After the Trump Administration on Friday pulled some U.S. diplomats from Cuba and restricted travel to the island nation following a series of attacks with acoustic weapons, both the CBS and NBC evening news broadcasts suggested that the United States, and not the Castro dictatorship, was the problem.
On September 29, CBS Evening News anchor Anthony Mason implied that the issue undermining U.S./Cuba relations was the Administration’s reaction, rather than the debilitating attacks: “The Trump Administration today slashed the U.S. diplomatic presence in Cuba, and warned Americans not to visit…It marks a sharp about-face in U.S. relations with Cuba, which had been improving during the Obama years.”
Despite Mason’s claims, the attacks actually started in November of 2016, while Barack Obama was still president.
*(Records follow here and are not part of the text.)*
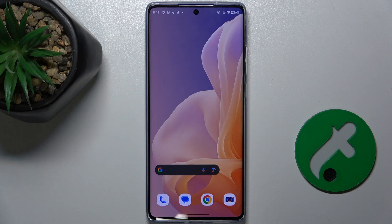Hello, in this video I'm going to show you how to hide sensitive notification content on lock screen in Motorola Moto G85.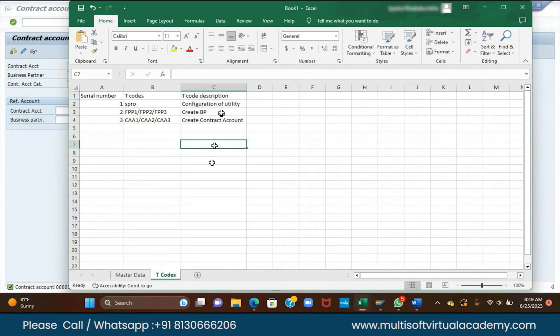Fourth is connection object. Tcode ES55, ES56, ES57. Connection object is the fourth item. The Tcode for connection object is ES55.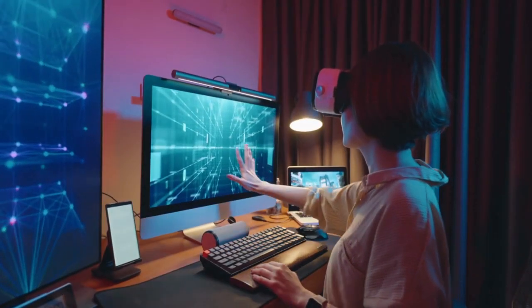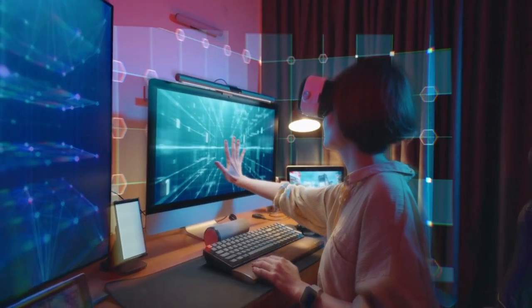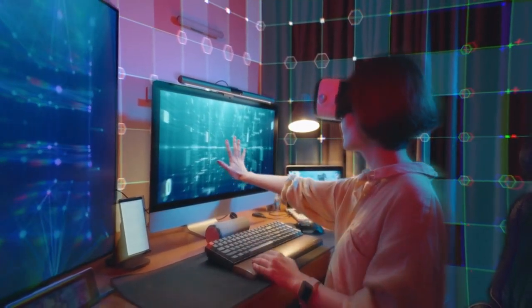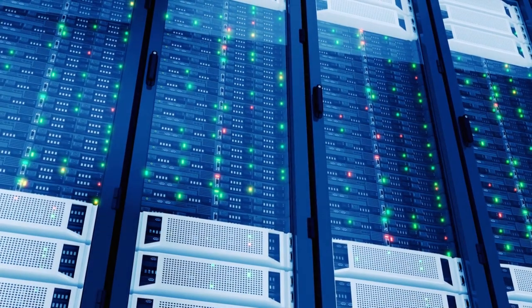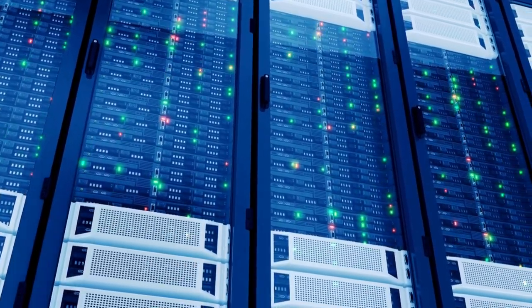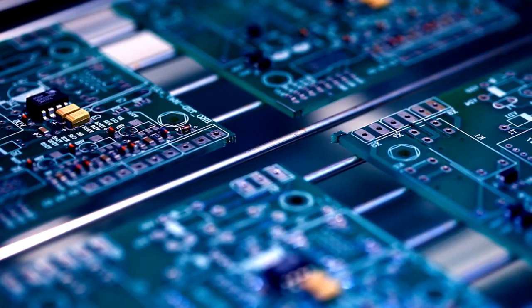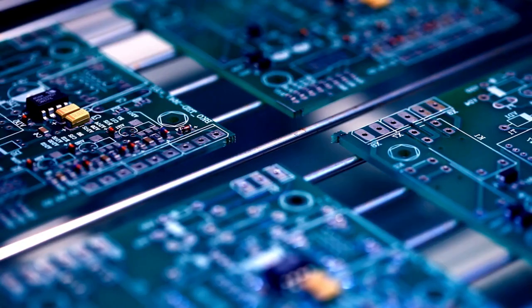With our digital twin solutions, we assist organizations in integrating IT with OT systems, establishing efficient data pipelines, and enabling seamless connections through protocols like COAP, MQTT, Edge, and Cloud.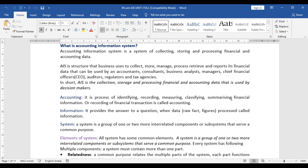The third word is system. A system is a group of one or more interrelated components or subsystems that serve a common purpose. A system is used to solve problems. For example, right now we are delivering this lecture online — you are connected to me, I am delivering information to the students, and I am receiving queries from your end and solving them. That group of interrelated components serving a common purpose is what we call a system.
While this was after the presidential election, it was months before Trump would take office. Furthermore, it was during these attacks, which lasted for months, that President Obama ended the long-standing “Wet Foot, Dry Foot” policy in January of 2017.
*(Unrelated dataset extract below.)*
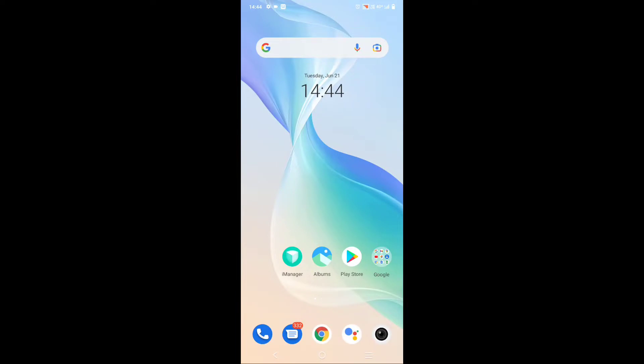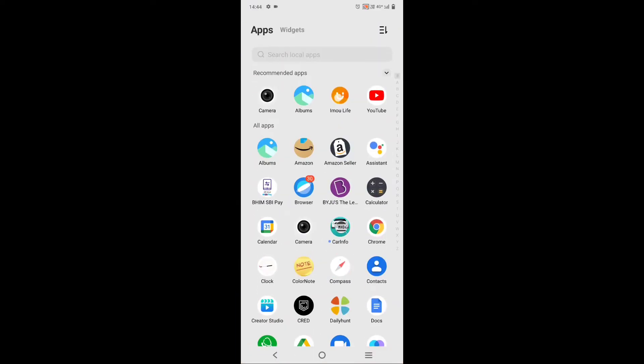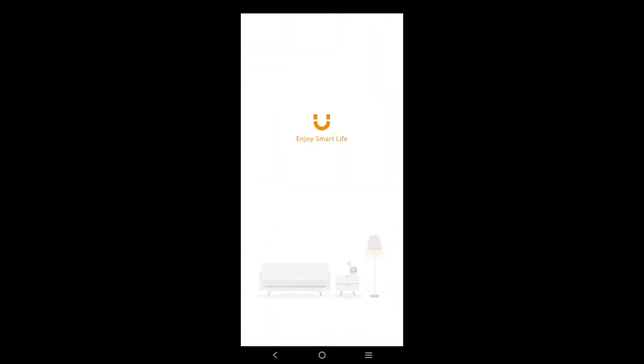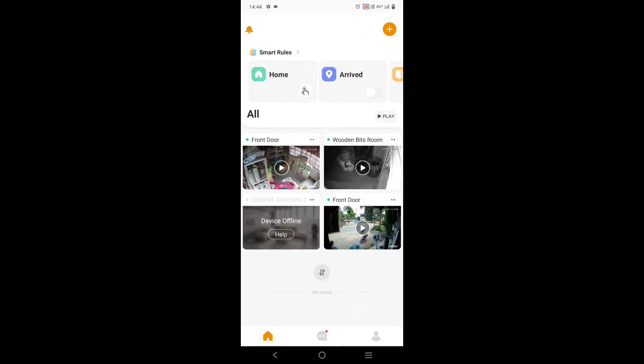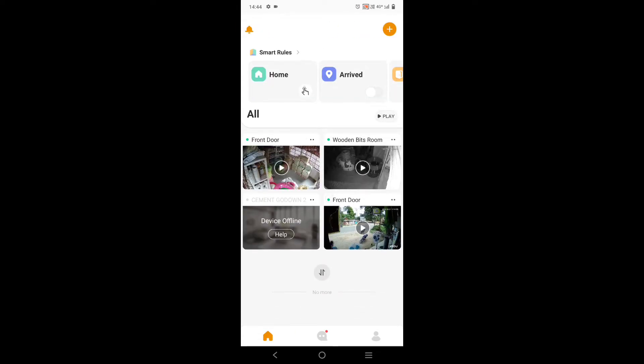So friends, now we will open our mobile screen — Emo Life — which is the Emo Ranger 2C camera software, and we will see how good the image quality will be from this camera.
Ignoring how it undermined her network’s slam of the Trump Administration, correspondent Margaret Brennan noted that “Canadian diplomats suffered similar attacks, but their government is not warning against travel to Cuba.” While the network was quick to criticize the United States for pulling Americans from Cuba following the attacks, there was no criticism of the Canadian government for leaving its citizens in Cuba despite the attacks.
On NBC Nightly News on September 29, correspondent Andrea Mitchell called the State Department’s reaction “a major blow to the new U.S./Cuba relationship.”
While including Cuba’s foreign minister’s argument that the Cuban government “was not behind it,” Mitchell’s report included no suspicion of the regime. Instead, she turned her focus to another target: Russia. “The bizarre attacks coming two years after the U.S. reopened its Havana embassy, ending a half century cold war. Supporters of diplomatic relations suggest Russia could be to blame, trying to break up Havana's fledgling relationship with the U.S.” To back up this claim, Mitchell turned to Democratic Senator Patrick Leahy, “If we were suddenly to leave, Russia benefits by that a great deal.”
For contrast, ABC’s World News Tonight ran the type of report on this topic that the other two networks should have: stating the facts largely without interpretation, and noting simply that “officials say they can't rule out that Cuba, Russia, or some other third party is behind the attacks.”